Data shown: Begin

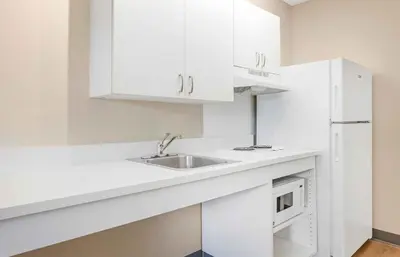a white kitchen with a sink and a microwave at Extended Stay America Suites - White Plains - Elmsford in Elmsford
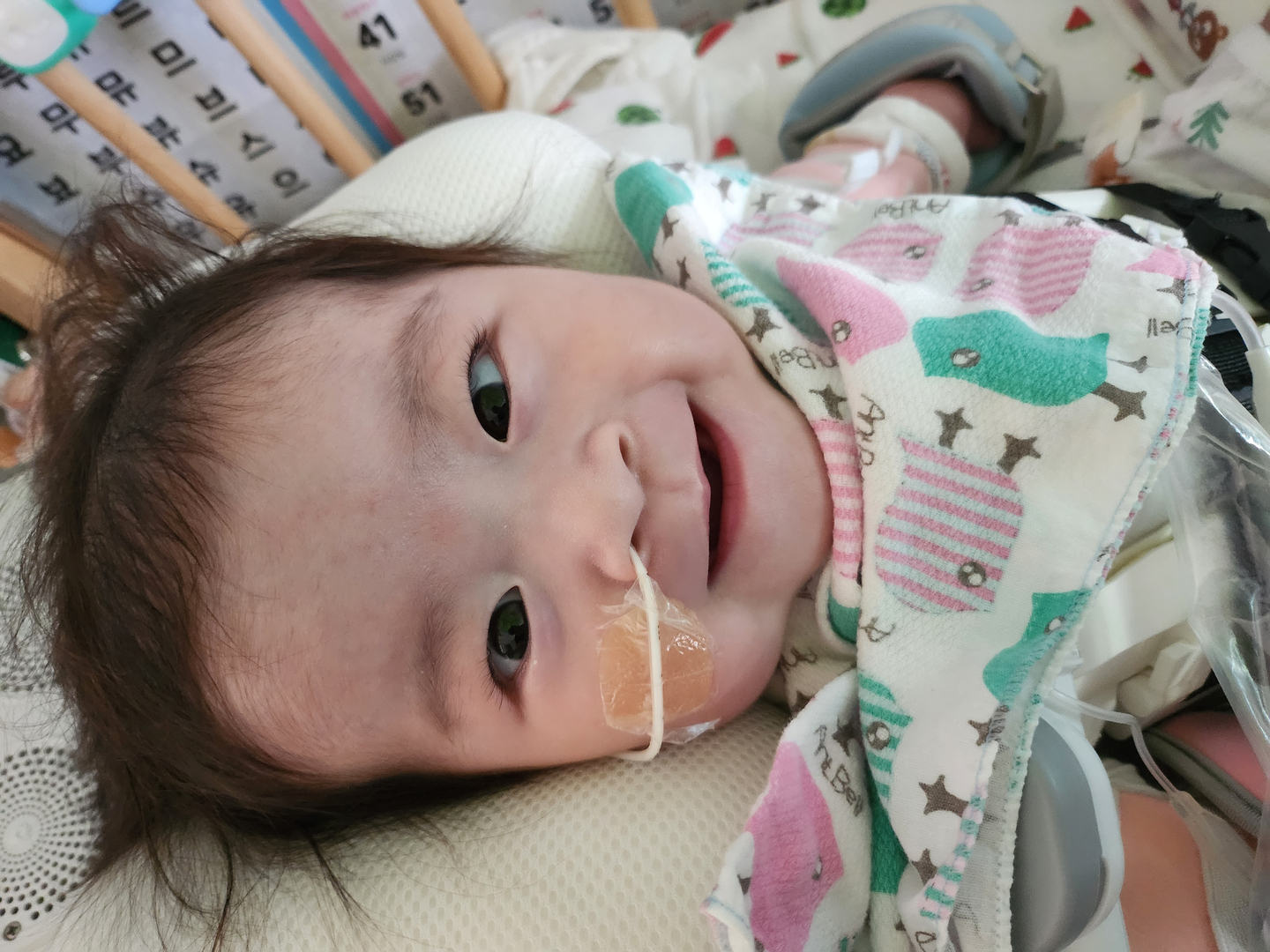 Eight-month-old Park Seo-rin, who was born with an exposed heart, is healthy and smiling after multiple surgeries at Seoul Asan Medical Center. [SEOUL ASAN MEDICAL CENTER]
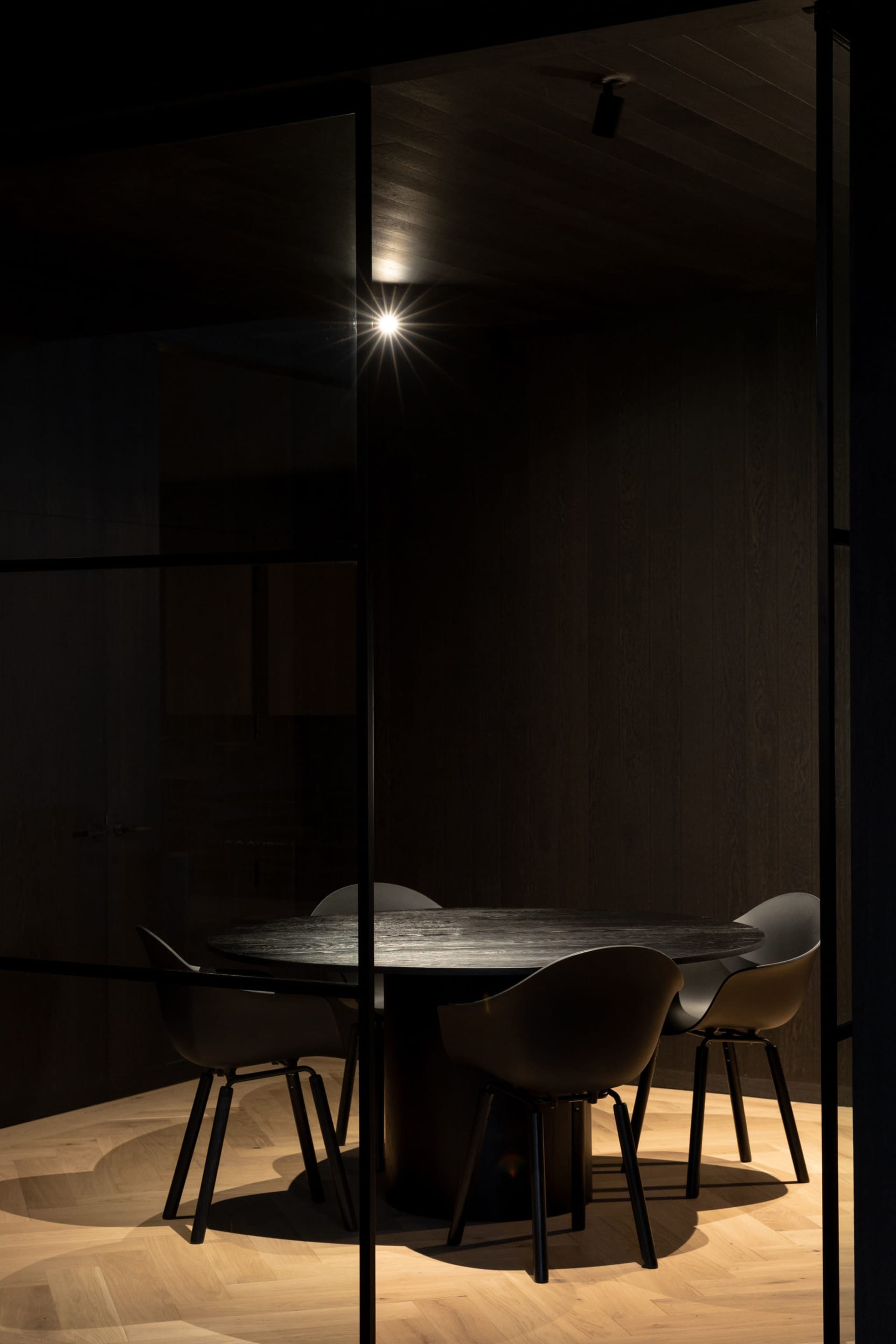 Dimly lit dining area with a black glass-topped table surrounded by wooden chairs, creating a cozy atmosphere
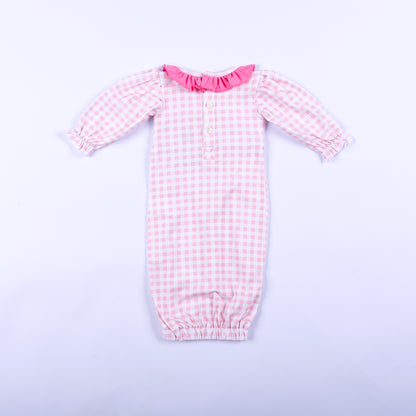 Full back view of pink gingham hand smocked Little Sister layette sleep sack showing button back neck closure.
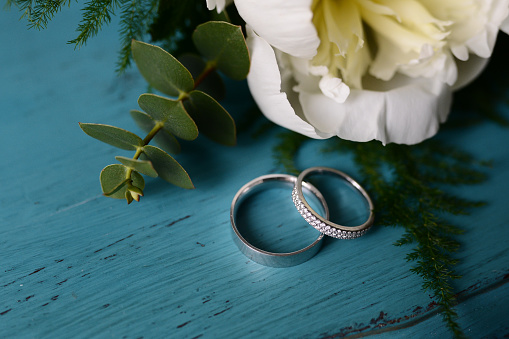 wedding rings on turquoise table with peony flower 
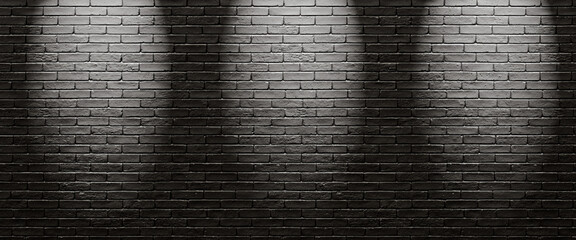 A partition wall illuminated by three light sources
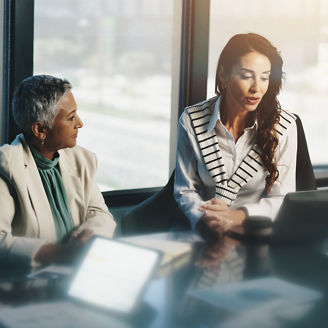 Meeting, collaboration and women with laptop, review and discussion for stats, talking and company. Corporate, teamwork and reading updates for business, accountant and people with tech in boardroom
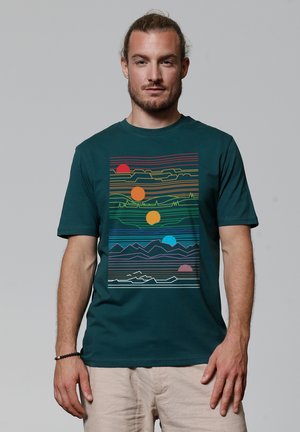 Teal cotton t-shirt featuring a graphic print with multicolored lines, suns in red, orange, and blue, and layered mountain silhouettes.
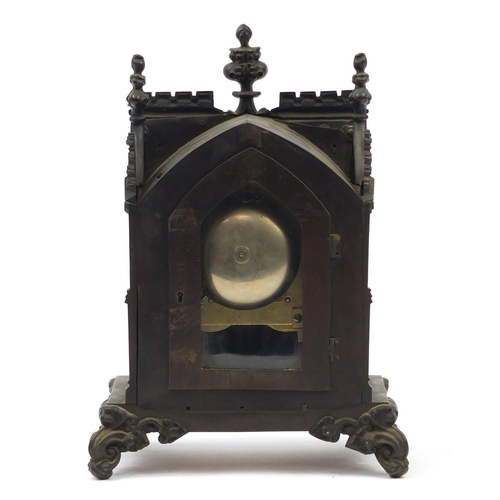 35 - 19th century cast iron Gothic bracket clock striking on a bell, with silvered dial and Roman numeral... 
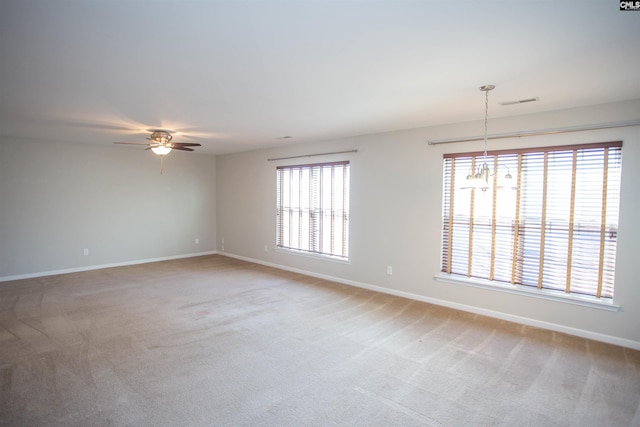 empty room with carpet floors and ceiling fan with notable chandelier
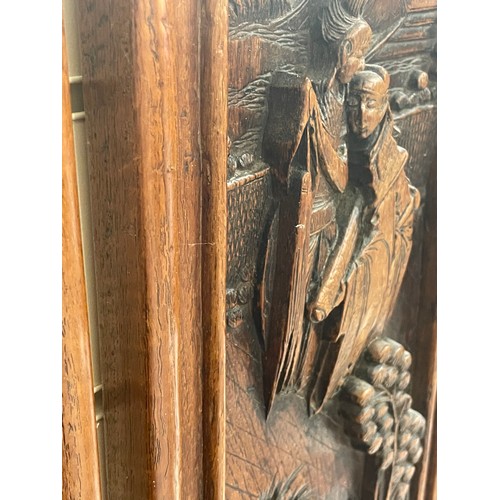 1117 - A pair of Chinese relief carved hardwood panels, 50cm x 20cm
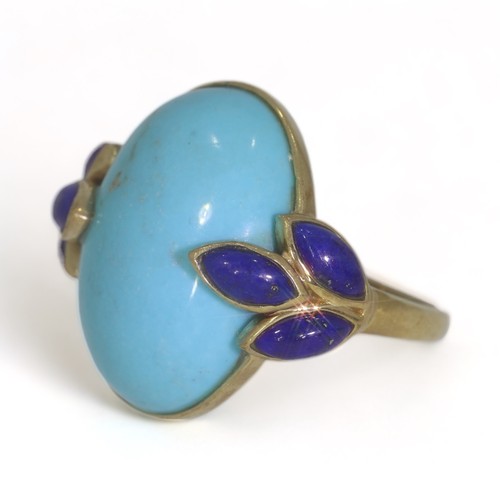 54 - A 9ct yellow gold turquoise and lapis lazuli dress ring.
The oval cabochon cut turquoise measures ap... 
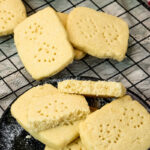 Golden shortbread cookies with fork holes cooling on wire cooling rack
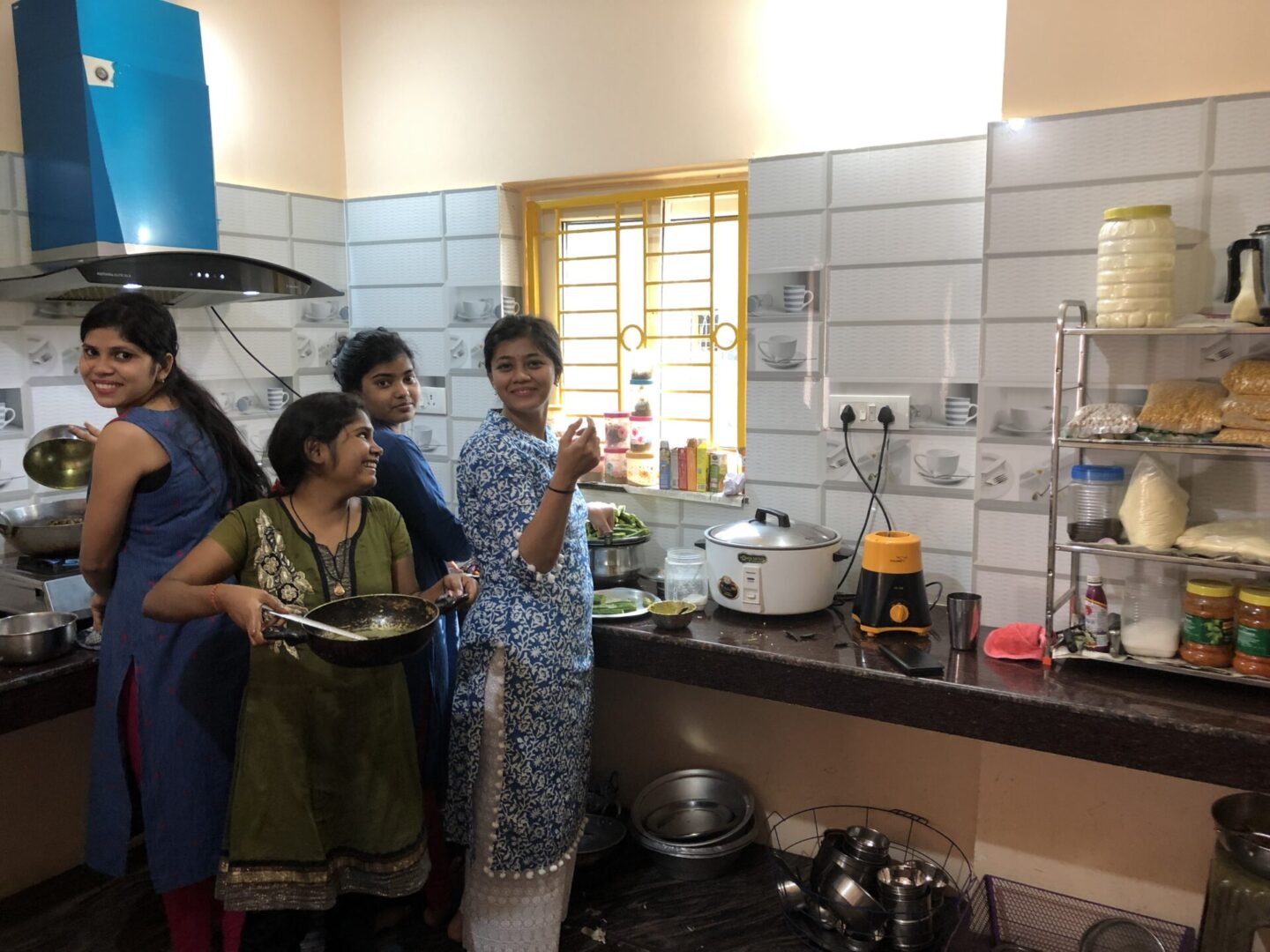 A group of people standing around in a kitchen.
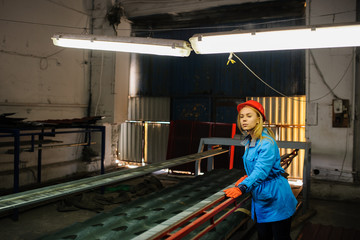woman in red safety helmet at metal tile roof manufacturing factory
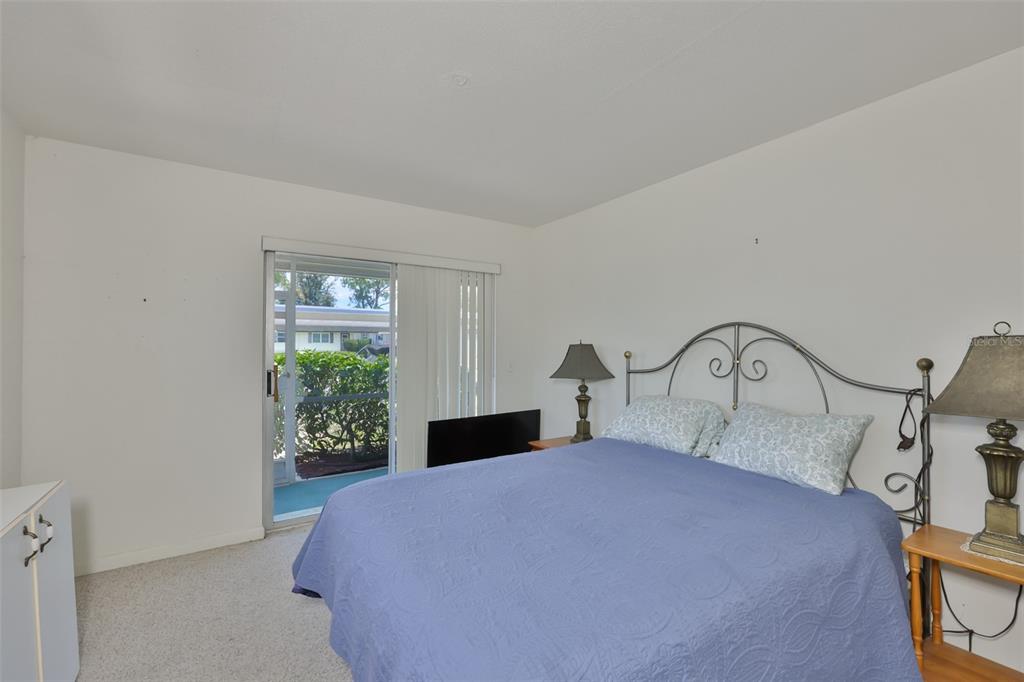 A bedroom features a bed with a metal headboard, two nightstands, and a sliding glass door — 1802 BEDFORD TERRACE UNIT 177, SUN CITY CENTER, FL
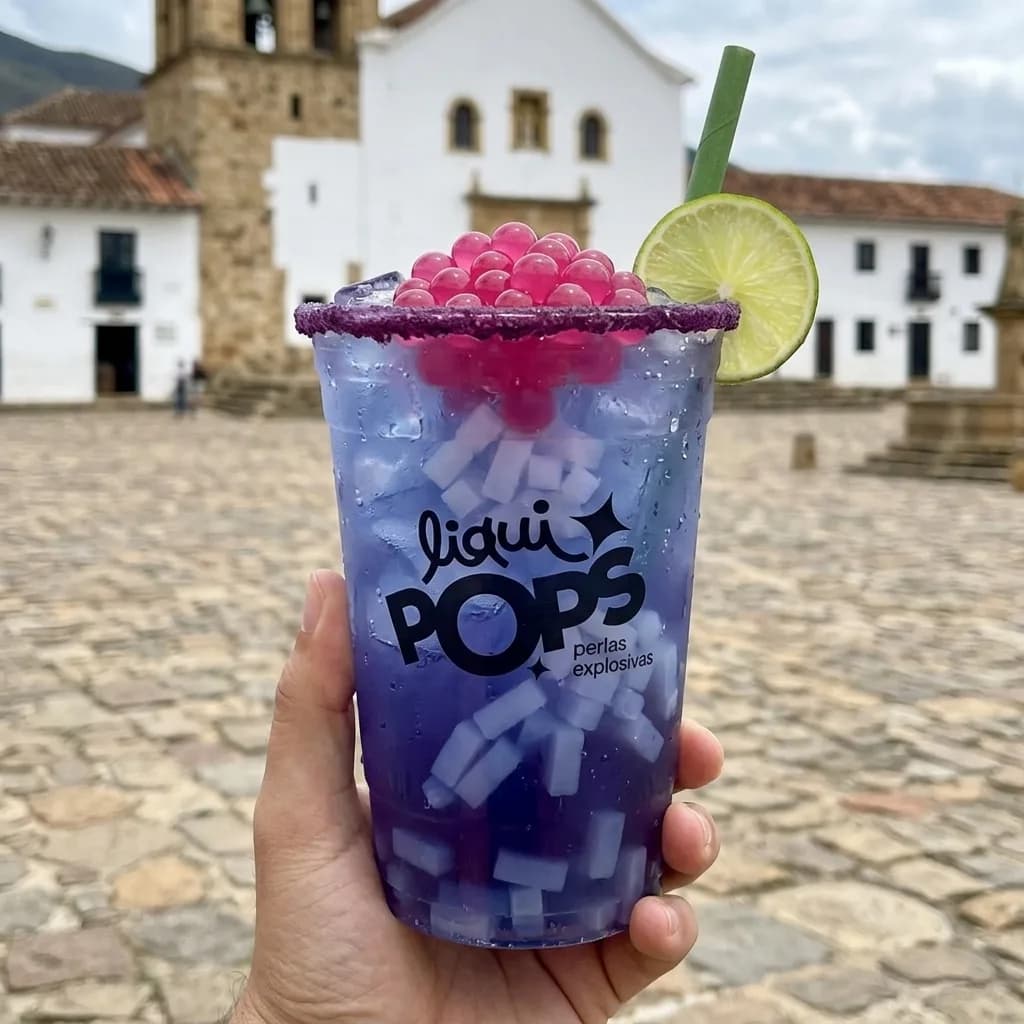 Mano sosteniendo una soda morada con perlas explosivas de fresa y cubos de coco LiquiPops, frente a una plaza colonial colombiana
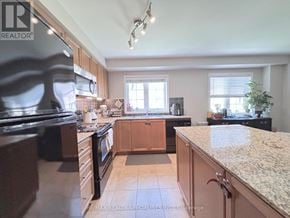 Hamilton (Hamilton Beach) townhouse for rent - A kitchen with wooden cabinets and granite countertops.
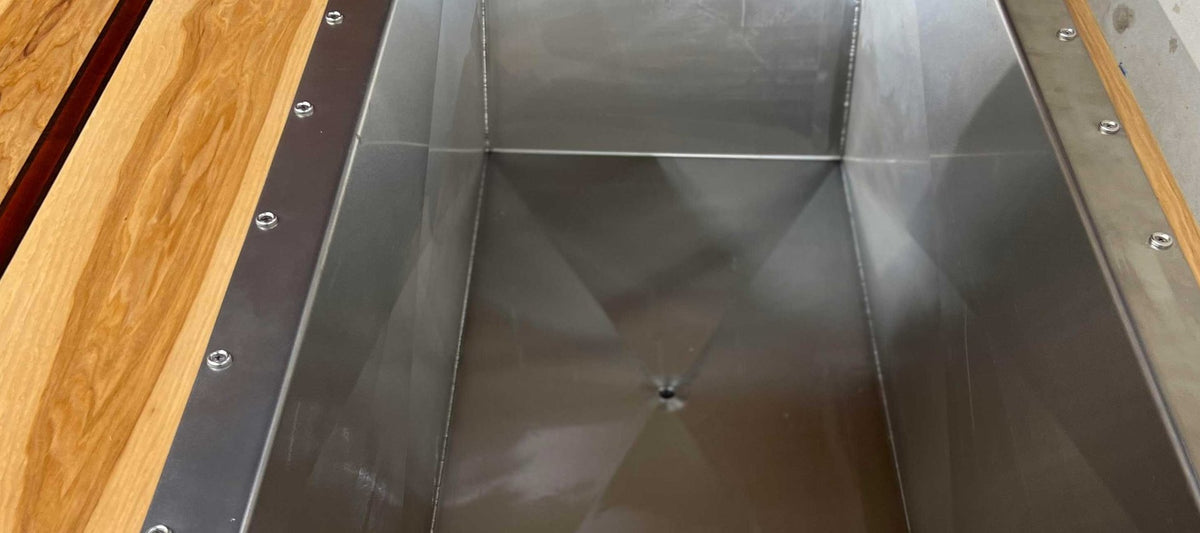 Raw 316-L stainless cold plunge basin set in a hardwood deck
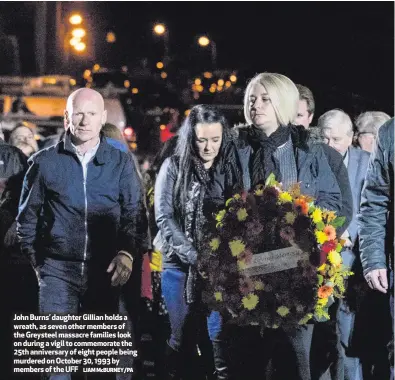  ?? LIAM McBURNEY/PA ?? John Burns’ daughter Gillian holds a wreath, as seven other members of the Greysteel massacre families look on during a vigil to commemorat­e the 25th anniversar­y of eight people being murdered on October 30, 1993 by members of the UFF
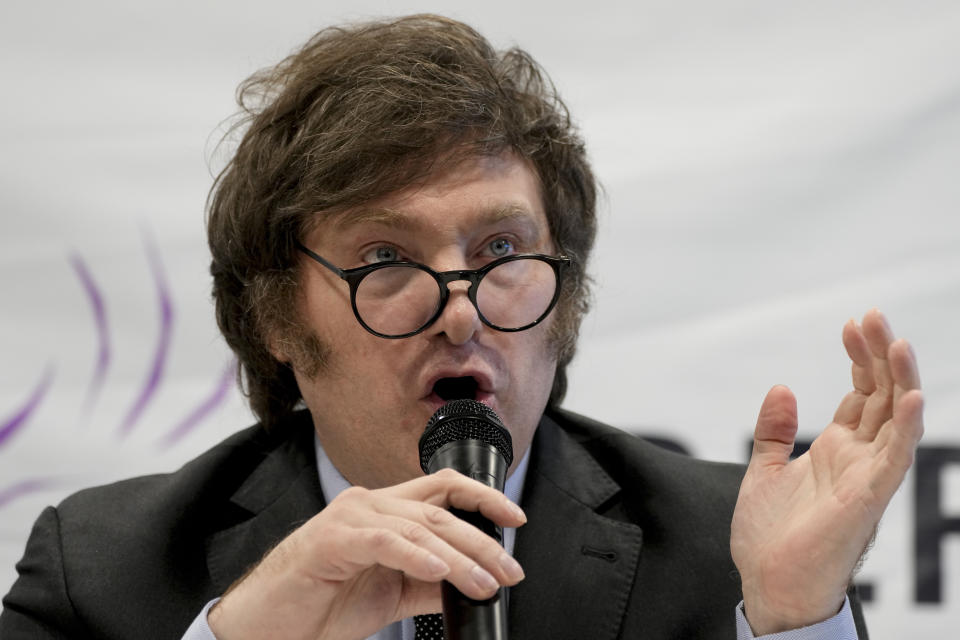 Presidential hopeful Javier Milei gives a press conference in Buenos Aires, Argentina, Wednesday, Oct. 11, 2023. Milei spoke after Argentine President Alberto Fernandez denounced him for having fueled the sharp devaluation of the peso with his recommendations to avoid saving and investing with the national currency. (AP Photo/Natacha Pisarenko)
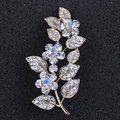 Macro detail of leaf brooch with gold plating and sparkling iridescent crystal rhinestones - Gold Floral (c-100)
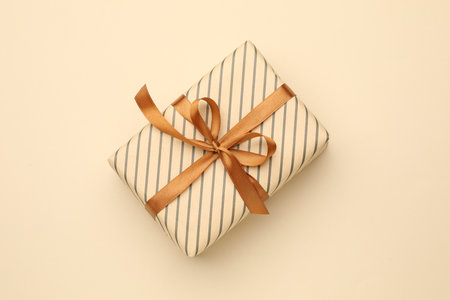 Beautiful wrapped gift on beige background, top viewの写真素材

Data shown: End

**Problem**
Restate word for word each line from the top of the listing down to and including the line that holds "Teal cotton t-shirt". Drop any pictures.

**Exercise result**
a white kitchen with a sink and a microwave at Extended Stay America Suites - White Plains - Elmsford in Elmsford
 Eight-month-old Park Seo-rin, who was born with an exposed heart, is healthy and smiling after multiple surgeries at Seoul Asan Medical Center. [SEOUL ASAN MEDICAL CENTER]
 Dimly lit dining area with a black glass-topped table surrounded by wooden chairs, creating a cozy atmosphere
 Full back view of pink gingham hand smocked Little Sister layette sleep sack showing button back neck closure.
 wedding rings on turquoise table with peony flower 
 A partition wall illuminated by three light sources
 Meeting, collaboration and women with laptop, review and discussion for stats, talking and company. Corporate, teamwork and reading updates for business, accountant and people with tech in boardroom
 Teal cotton t-shirt featuring a graphic print with multicolored lines, suns in red, orange, and blue, and layered mountain silhouettes.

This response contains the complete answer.